Reverse Mathematics of the uncountability of $\mathbb{R}$

TL;DR

This paper explores the uncountability of the real numbers within higher-order Reverse Mathematics, demonstrating the robustness of the uncountability principle across various function classes and connecting it to classical theorems.

Contribution

It establishes equivalences of the uncountability principle with its restrictions to common function classes, showing its inherent complexity beyond arbitrary functions.

Findings

NIN is equivalent to its restriction to bounded variation functions.

NIN's hardness is not due to quantification over arbitrary functions.
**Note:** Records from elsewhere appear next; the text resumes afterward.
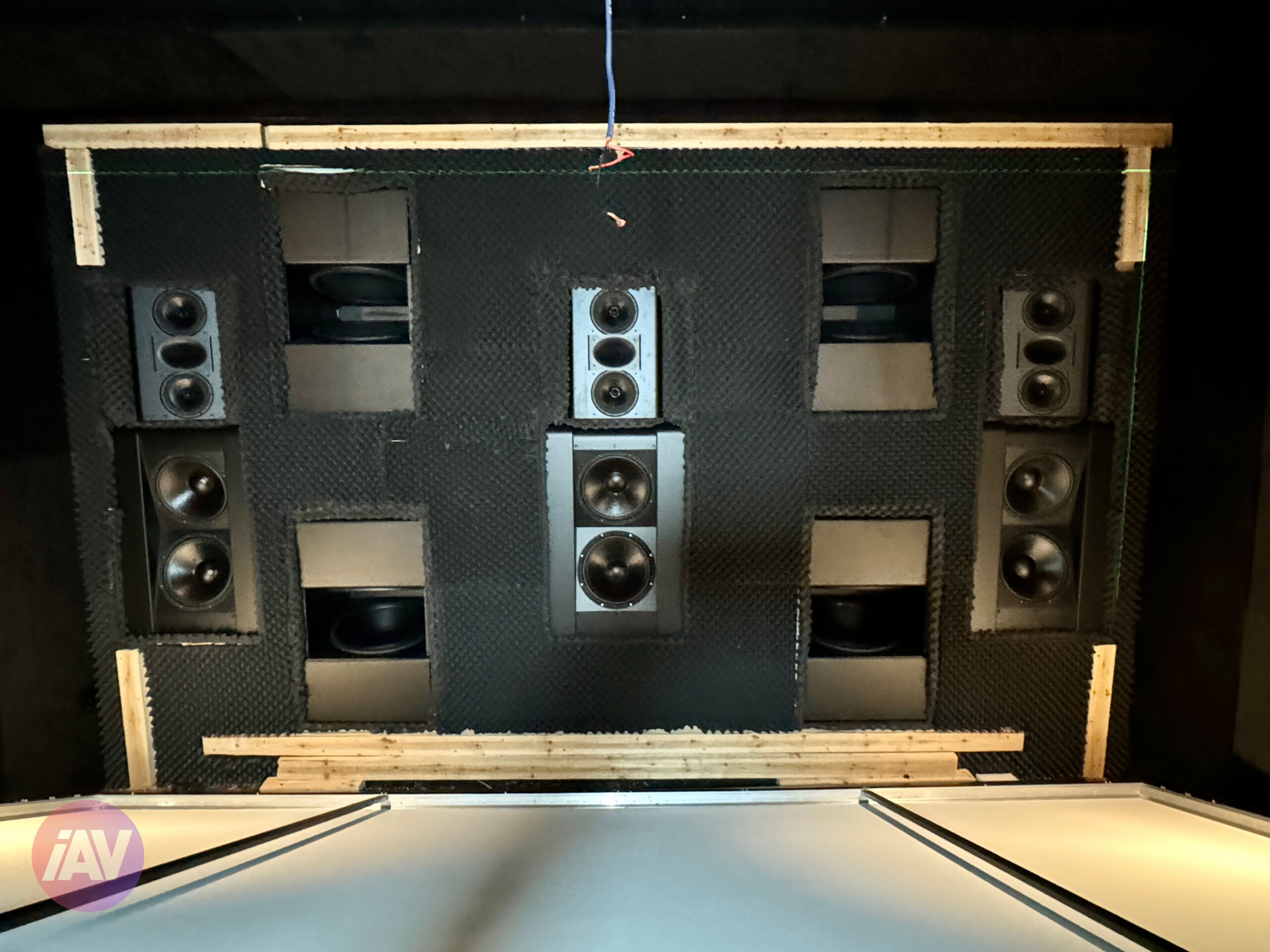 家访 | “国内首个WaveFoming私人影院” 11.6.8声道极致3D环绕声家庭影院-影音新生活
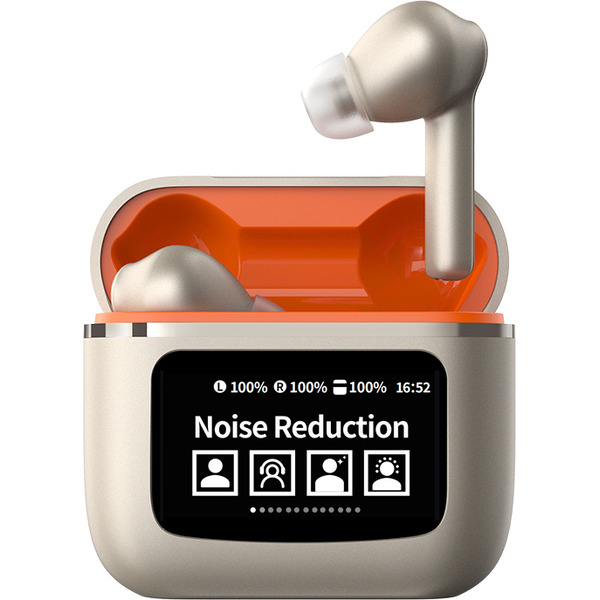 Наушники Bingo YW09 (золотистый)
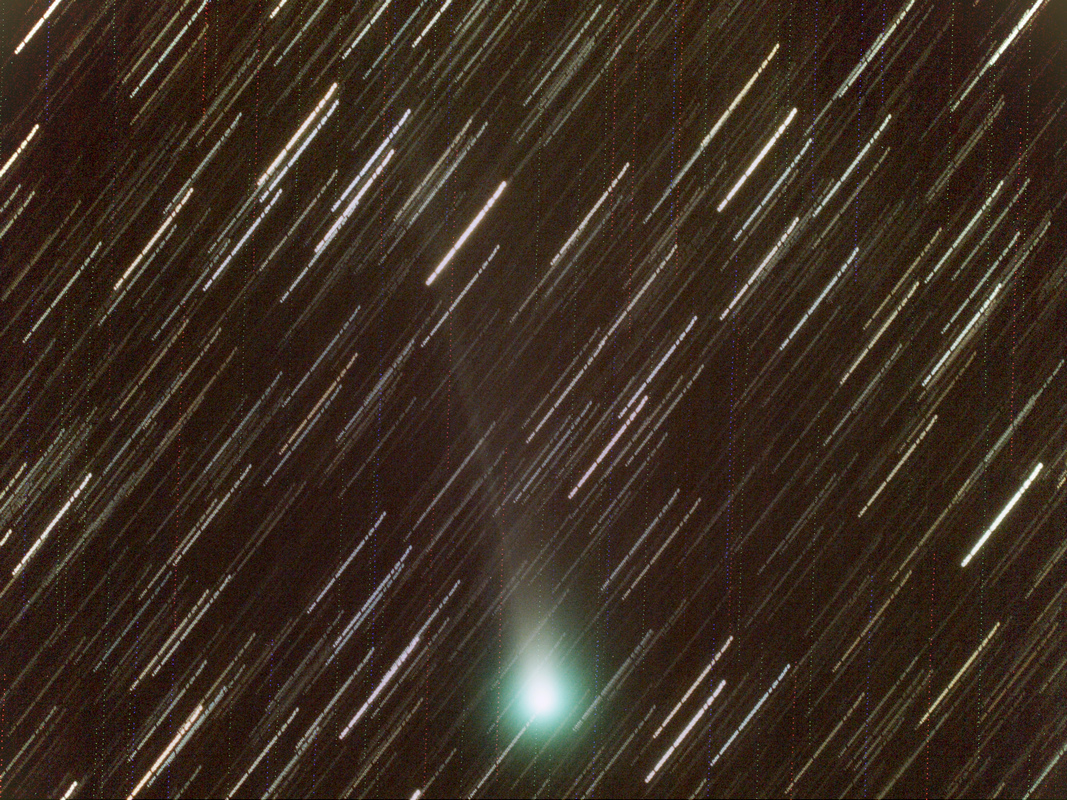 комета Лавджоя 2013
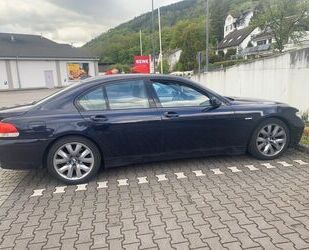 BMW 745 Gebrauchtwagen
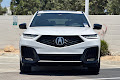 2026 Acura MDX A-Spec Advance Package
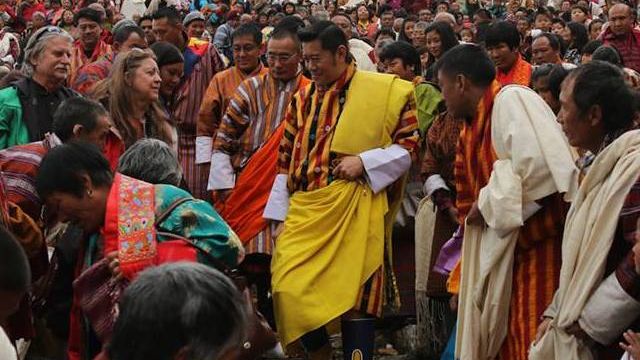  Paro Tsechu
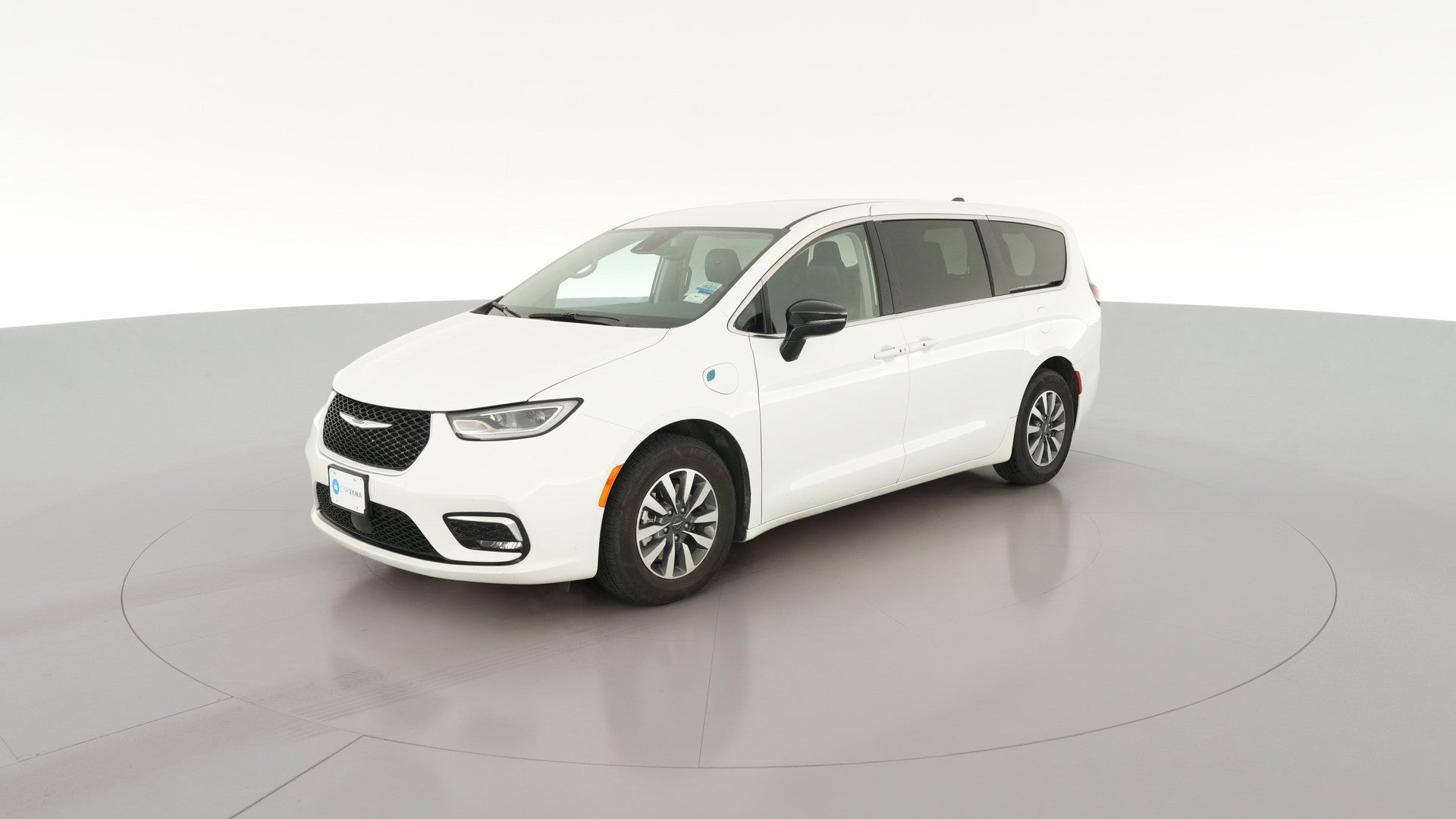 2024 Chrysler Pacifica Hybrid vehicle photo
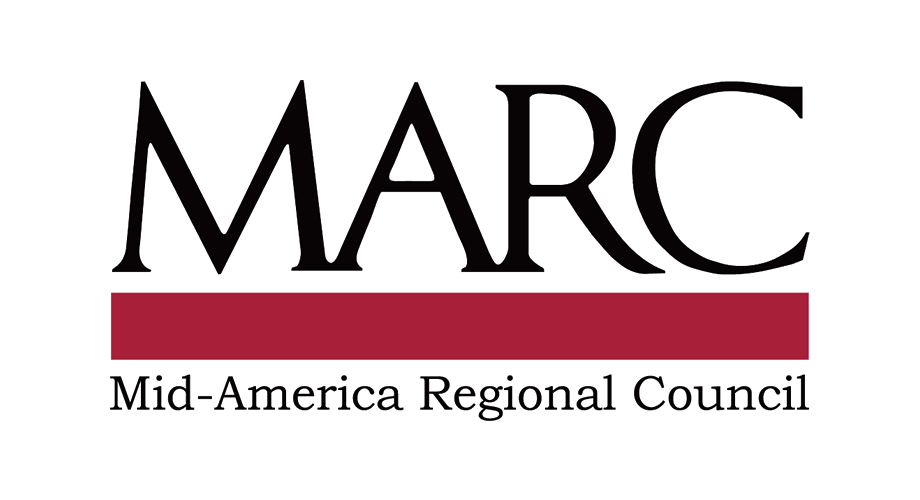 The logo for the mid-america regional council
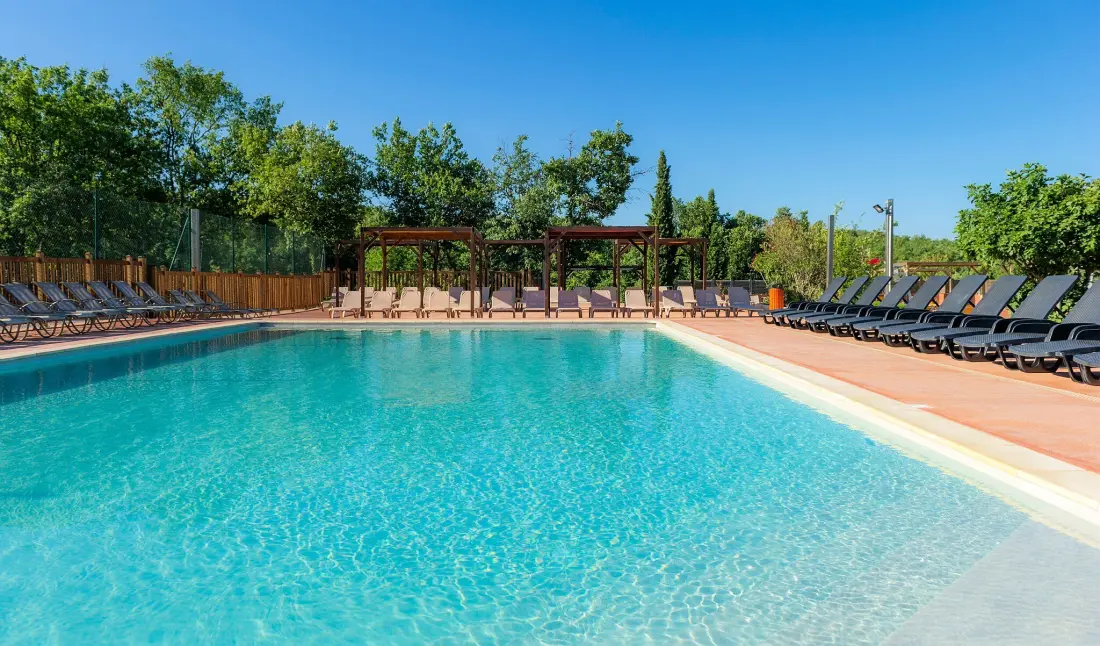 Campingplads Le Domaine de Chaussy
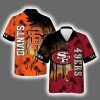 49ers x Giants Hawaiian Shirt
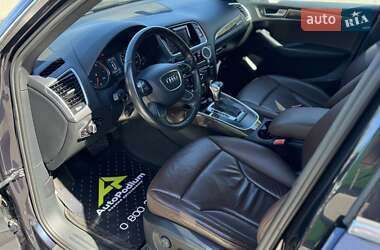 Внедорожник / Кроссовер Audi Q5 2016 в 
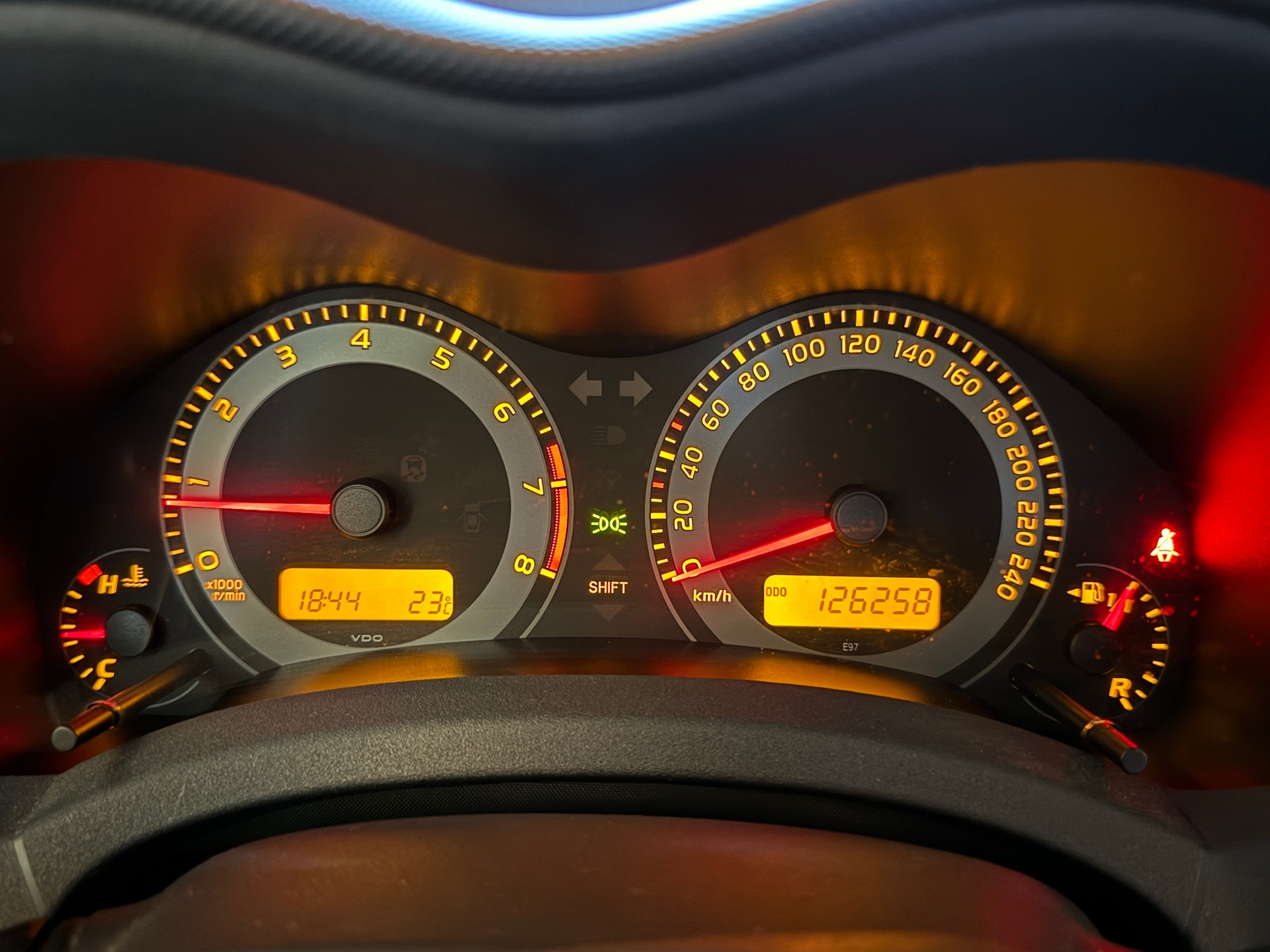 TOYOTA 1.8 VMa Kompressor K2-image-8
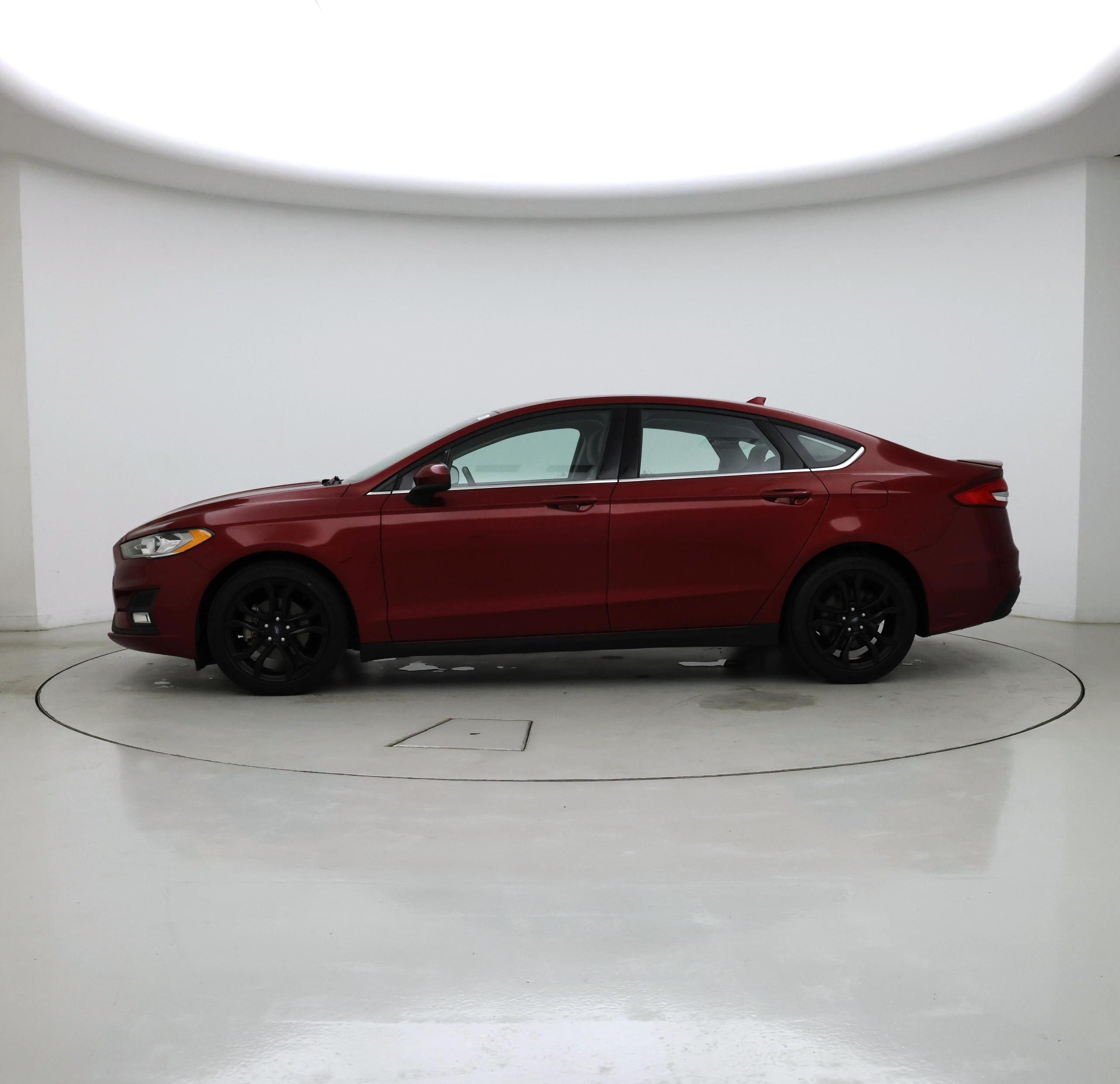 Thumbnail: 2019 Ford Fusion - 3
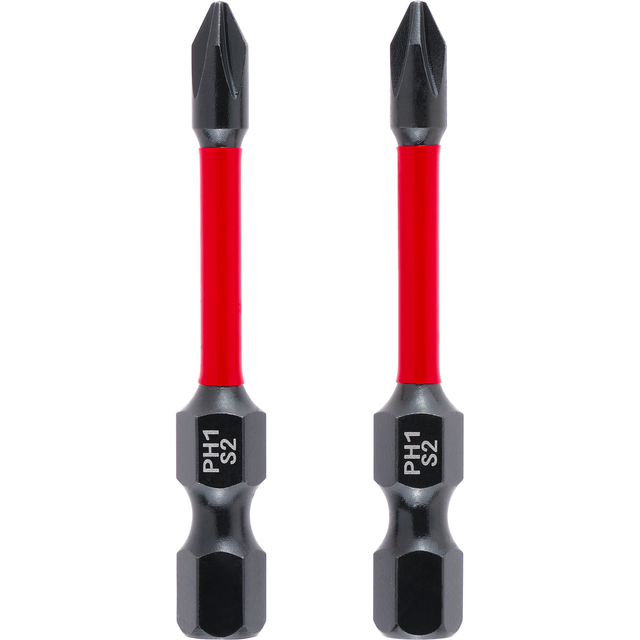 kwb Bits 'Impact' PH1 50 mm 2 Stück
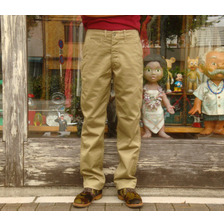 FREEWHEELERS UNION SPECIAL OVERALLS “M-1945 TROUSERS” Vintage West Point 1622023画像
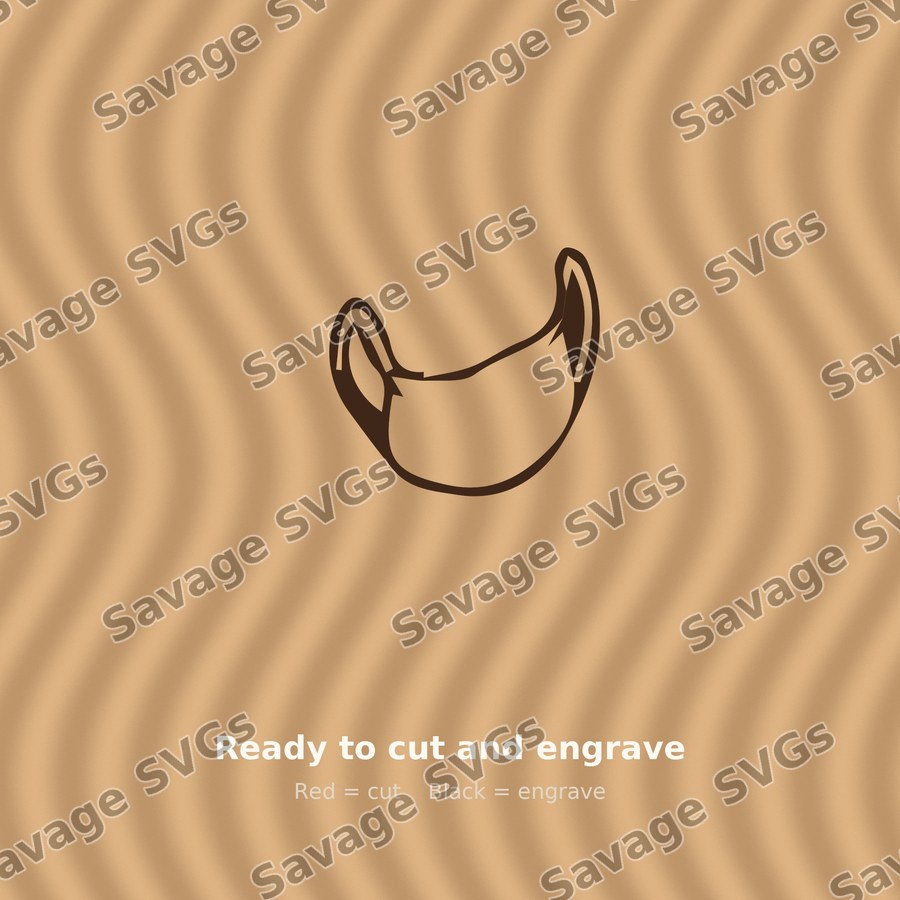 Face Mask Outline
Connections between NIN, Cousin's lemma, and Jordan's decomposition are established.

Abstract

In his first set theory paper (1874), Cantor establishes the uncountability of $\mathbb{R}$. We study the latter in Kohlenbach's higher-order Reverse Mathematics, motivated by the observation that one cannot study concepts like `arbitrary mappings from $\mathbb{R}$ to $\mathbb{N}$' in second-order Reverse Mathematics. Now, it was recently shown that the following statement: $$ \text{ NIN: there is no injection from $[0,1]$ to $\mathbb{N}$,} $$ is hard to prove in terms of conventional comprehension. In this paper, we show that NIN is robust by establishing equivalences between NIN and NIN restricted to mainstream function classes, like: bounded variation, semi-continuity, and Borel. Thus, the aforementioned hardness of NIN is not due to the quantification over arbitrary $\mathbb{R}\rightarrow \mathbb{N}$-functions in NIN. Finally, we also study NBI, the restriction of NIN to bijections, and the connection to Cousin's lemma and Jordan's decomposition theorem.